Did They Really Think We Wouldn’t Fight to Keep the Internet Free?

May 17, 2010 05:59


Robert McChesney explaining their push for net neutrality: “At the moment, the battle over network neutrality is not to completely eliminate the telephone and cable companies. We are not at that point yet. But the ultimate goal is to get rid of the media capitalists in the phone and cable companies and to divest them from control.” And McChesney’s broader agenda? His ultimate endgame? Again, his own words: “In the end, there is no real answer but to remove brick by brick the capitalist system itself, rebuilding the entire society on socialist principles.”

By Phil Kerpen – FOXNews.com

The Obama administration and its friends at the Federal Communications Commission thought they could impose sweeping new Internet regulations without anybody other than far-left, Netroots activists like the fringe group Free Press noticing. They failed.

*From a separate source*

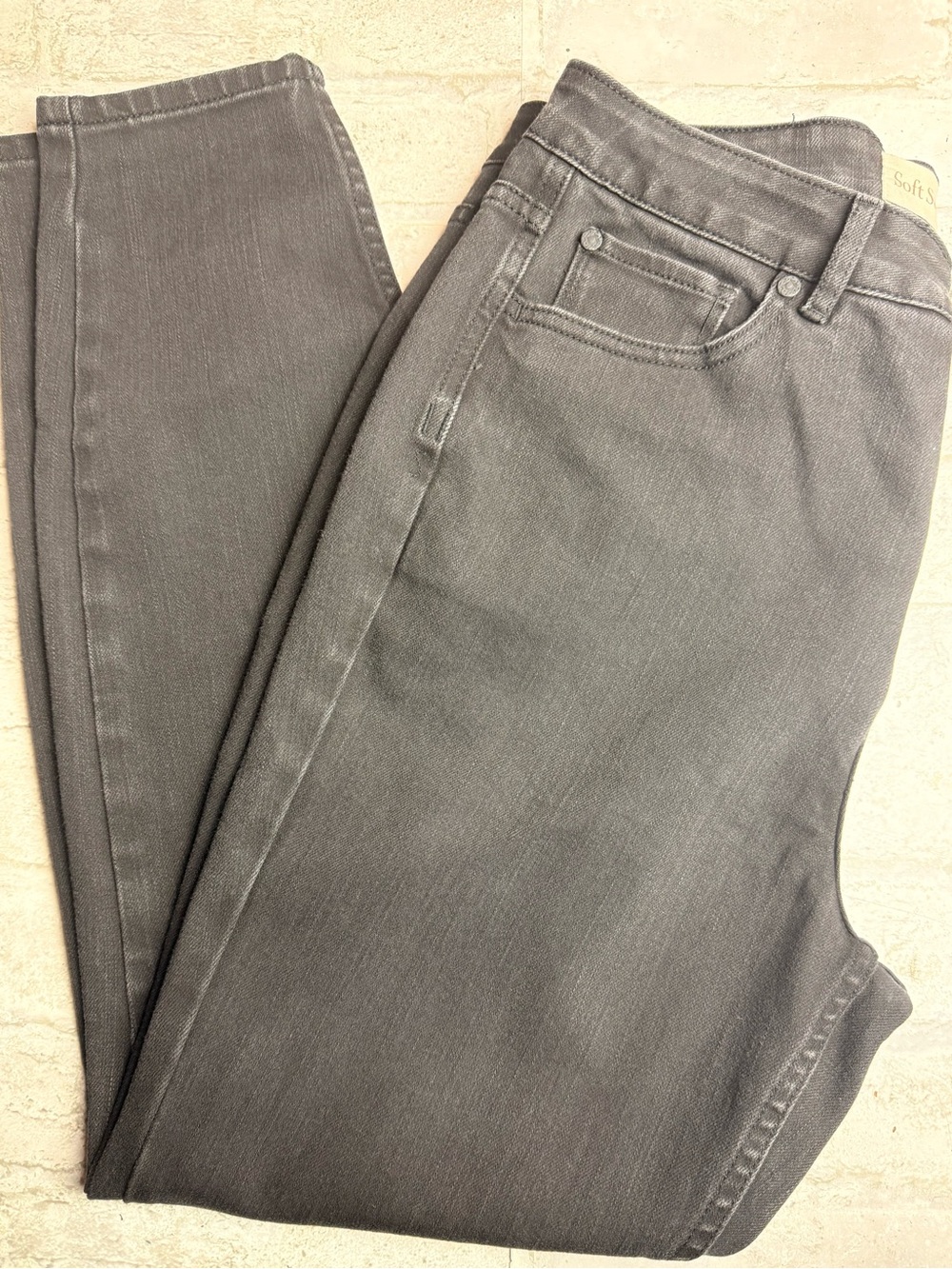 Soft Surroundings Women SZ 10 Black Tapered Leg Jeans Jean EUC 😍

Americans for Prosperity and many free-market allies have blown the whistle and are now educating the vast majority of Americans — who are happy with the unregulated Internet as it is — about the threat posed by regulation.

AFP’s mission is to maximize economic freedom, make government smaller and less intrusive, and make America more prosperous. Free Press’s mission? Let’s start with its founder, Robert McChesney explaining their push for net neutrality:

“At the moment, the battle over network neutrality is not to completely eliminate the telephone and cable companies. We are not at that point yet. But the ultimate goal is to get rid of the media capitalists in the phone and cable companies and to divest them from control.”

And McChesney’s broader agenda? His ultimate endgame? Again, his own words:

“In the end, there is no real answer but to remove brick by brick the capitalist system itself, rebuilding the entire society on socialist principles.”

Yet Free Press claims that their support for sweeping new federal regulation of the Internet is about encouraging investment and free market competition. Somehow, it rings hollow when Free Press puts out a statement saying:

“The Federal Communications Commission is simply pursuing a path that will ensure that the free market works for the American public, something that prior FCCs failed to do.”

So the Internet hasn’t been working for the American public? Really?

How can making the free market “work” mean having sweeping public-utility style regulation, a return to the “golden days” of dial-up Internet or even the old national Ma Bell monopoly? How can competition policy be such a serious error, when, in the words of Free Press ally Public Knowledge’s Communications Director Art Brodsky, the Internet “has been the greatest creator of wealth we have ever seen”?